How to lift functions I'm trying to, given a covering map $p: E\to B$, where $E$ is path-connected and $p(e_0) = b_0$, lift loops in $B$ to make paths in $E$ starting at $e$ to create a function from $\pi_1(B, b_0)\to \pi^{-1}(b_0)$.
I'm unsure how to attack this. I know that, from Munkres, for every loop in $B$ based at $b_0$, say $f: I\to B$, there exists a unique lifting to a path $\overline{f}: I\to E$ beginning at $e_0$.
But, I'm unsure how to use this to define a function
$$
H: \pi_1(B, b_0)\to \pi^{-1}(b_0).
$$
I know that, given $$<f>\in \pi_1(B, b_0)$$ for any $g, h\in <f>$, we have that $\overline{g}(1) =
\overline{f}(1)$, so maybe I could define it that way. But, I can't guarantee that $\overline{f}(1)\in \pi^{-1}(b_0)$.

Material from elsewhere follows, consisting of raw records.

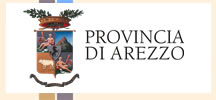 PROVINCIA DI AREZZO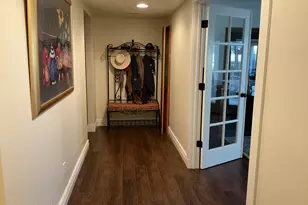 206 S Washington Ave, Prescott, AZ 86303 - Photo 29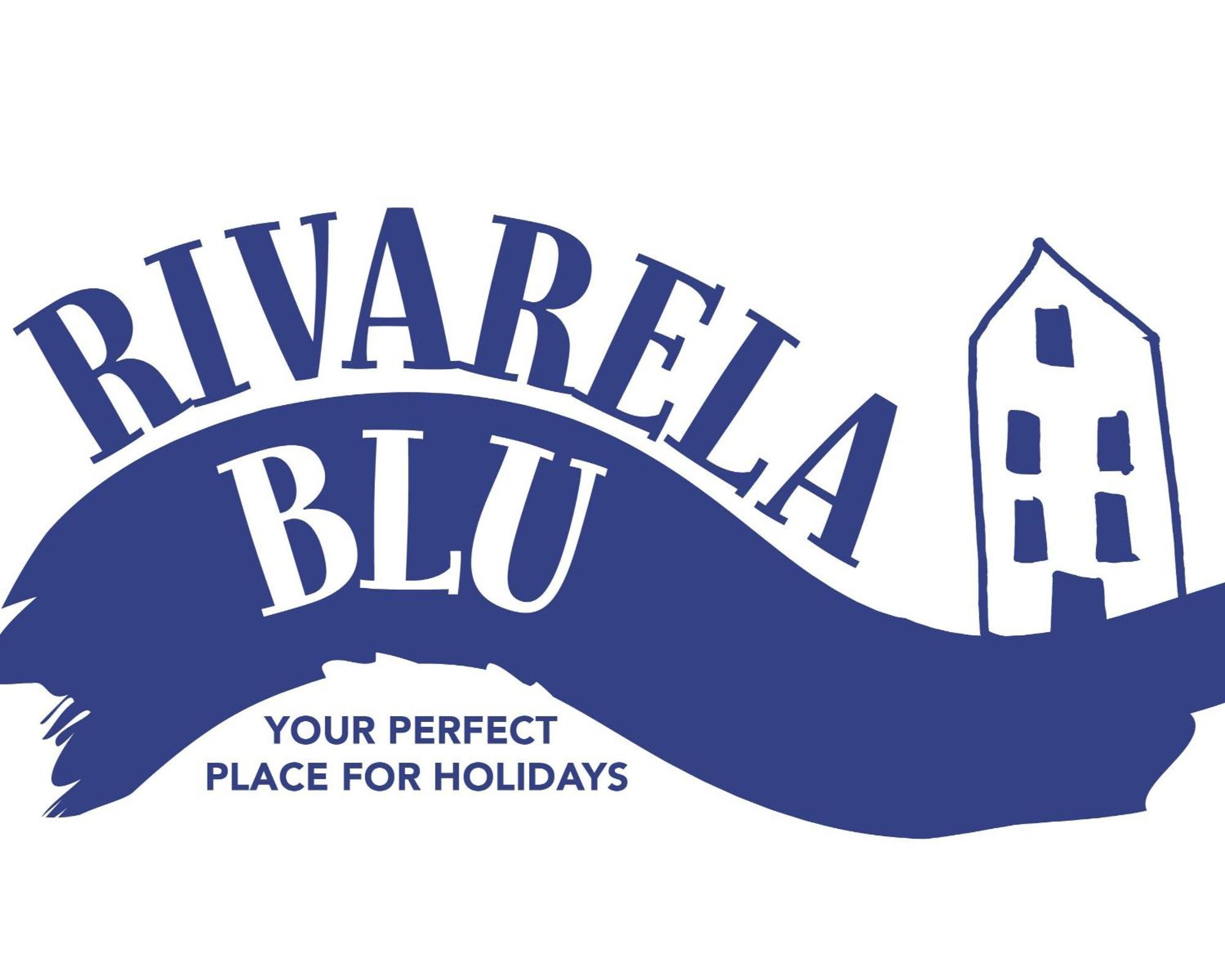 Apartment Rivarela Blu - Newly Renovated And Top Location Near Sea Novigrad Istria Exteriör bild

 A: Covering maps have the unique path lifting property. That is, if we have a path $u : I \to B$ and an element $e \in p^{-1}(u(0))$, there exists a unique  path $\tilde u : I \to E$ such that $p \circ \tilde u = u$ and $\tilde u(0) = e$. Applying this for loops $f : I \to E$ based at $b_0$ (i.e. $f(0) = f(1) = b_0$), we get a unique lift $\tilde f : I \to E$ such that $\tilde f(0) = e_0$. Since $p \circ \tilde f = f$, we have $p(\tilde f (1)) = f(1) = b_0$. This means that $\tilde f(1) \in p^{-1}(b_0)$. You can easily check that $\tilde f(1) = \tilde g(1)$ if $[f] = [g]$ in $\pi_1(B,b_0)$. Thus you get the desired function
$$
H: \pi_1(B, b_0)\to \pi^{-1}(b_0).
$$
In general it does not behave very well, it is neither injective nor surjective. But if $E$ is path-connected, then $H$ is surjective. To see this, let $e_1 \in p^{-1}(b_0)$ and choose a path $\phi : I \to E$ such that $\phi(0) = e_0$ and $\phi(1) = e_1$. Then $f = p \circ \phi$ is a loop based at $b_0$ and  $\phi$ is the unique lift of $f$ such that $\phi(0) = e_0$. Thus $H([f]) = \phi(1) = e_1$.